Mas como é possível que isso “pegue” em meio a uma realidade na qual a
maioria da população continua amargando uma situação de marginalização?
Mais uma vez, o campo das emoções oferece um caminho viável para
fortalecer a idéia de que o individuo deve se tornar paladino de si mesmo. O
“EU” deve focar suas energias em sentir-se bem consigo mesmo, pois este
bem-estar é uma condição virtuosa indispensável para as suas realizações. O que
implica em colocar em segundo plano os comportamentos, as preocupações e as
atitudes que distraem o sujeito das exigências e da busca de sua realização
pessoal.
Neste sentido, se você está com raiva de alguém ou, ao contrário, se
apaixona por uma pessoa, no fundo, você está se amarrando ao outro. Quanto mais
este vínculo se fortalece, mais o sujeito estaria impedido de crescer e
progredir no plano emotivo na medida em que estes sentimentos, ainda que
opostos, estariam afastando-o da preocupação central que é sua realização
pessoal. Para alguns autores, quando você se compromete com algo externo a você
mesmo (a felicidade do parceiro/a, o tratamento de pais doentes, a adesão a uma
causa social, etc.), passa a ser dominado por um processo negativo pelo qual a
sua felicidade depende de algo que não é apenas você mesmo.
O compromisso com o sofrimento ou a necessidade do outro, base para a
formação do sentimento de coletividade, passa a ser visto como falsa
generosidade ou dependência, fruto de uma consciência que ainda se preocupa em
apaziguar sentimentos de culpa e de vergonha vindos de relações vividas em
outras épocas e, portanto, ultrapassadas e prejudiciais para o indivíduo da
modernidade. Quem se dedica corpo e alma a ajudar os demais ou se envolve
profundamente numa causa social estaria apenas descuidando de si mesmo, das
próprias exigências e, obviamente, dos elementos emocionais que poderiam lhe
proporcionar algo bem mais sólido e satisfatório. Ou seja, para os intelectuais
a serviço do novo conformismo social, é somente quando pensamos que podemos ser
felizes sem o outro que deixamos de nos comportar como tóxico-dependentes que
usam os vínculos e a relação com os demais como dose diária da droga predileta
para atingir instantes fugazes de felicidade e satisfação.

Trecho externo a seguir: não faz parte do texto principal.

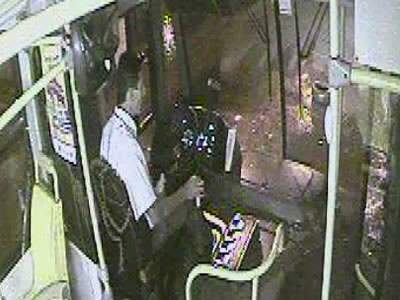  V&iacute;deo mostra que motorista tentava deter jovem ap&oacute;s tijolada em &ocirc;nibus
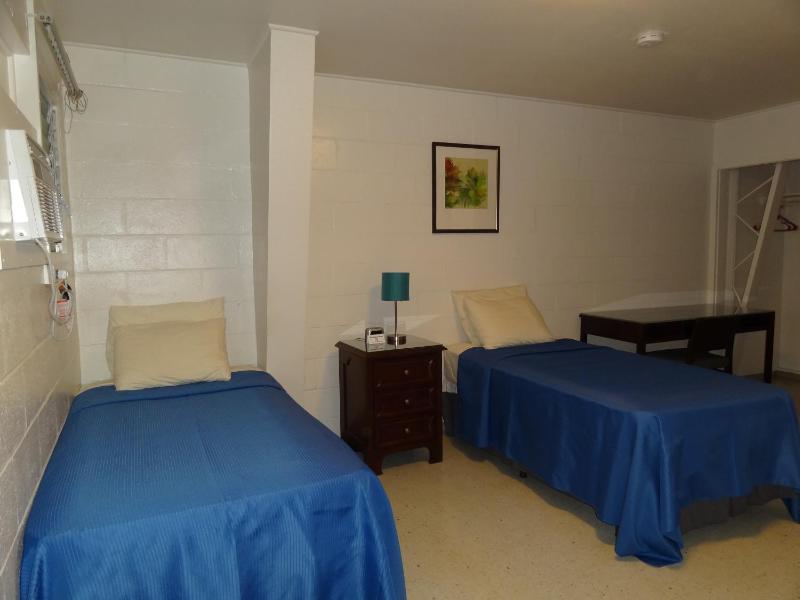 Double Room image 4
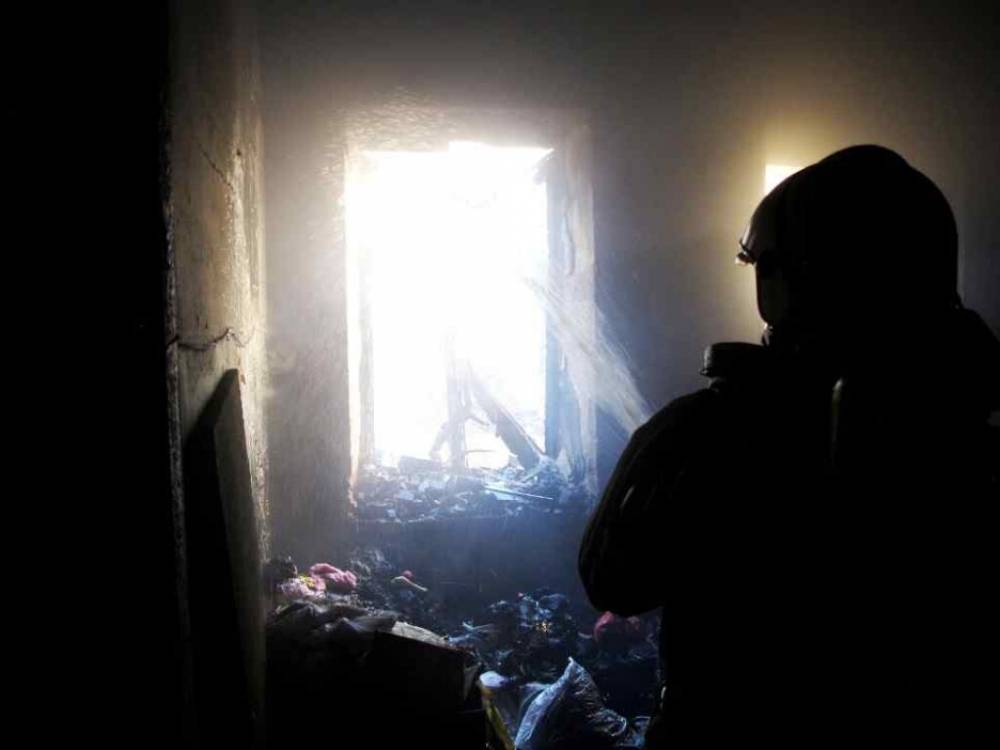 В Одессе пожарные ликвидировали возгорание в квартире и спасли девушку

Nunca foi mistério que o envolvimento emotivo pode provocar sofrimento,
o que é potencialmente prejudicial ao equilíbrio emocional do indivíduo. Mas,
na concepção que acabamos de apresentar, a relação com os demais passa a ser
caracterizada pelo medo e por uma profunda desconfiança de que, mais dias menos
dias, é inevitável que as pessoas ao nosso redor venham a nos decepcionar. Daí
a necessidade de o sujeito ser, e não apenas se sentir, totalmente independente
e autônomo, sem vínculos e sem outra bússola que não seja o investir em si
mesmo. O problema é que quanto mais diminui a confiança nas relações pessoais,
mais cresce a necessidade de recorrer à ajuda profissional de um terapeuta, de
um psicólogo ou de alguém com quem sentimos poder desabafar. A erosão do
envolvimento, da solidariedade, do companheirismo e da amizade gratuita com os
demais não aumenta a independência do indivíduo, mas, simplesmente, leva à
substituição de uma suposta dependência por outra bem mais real e invisível.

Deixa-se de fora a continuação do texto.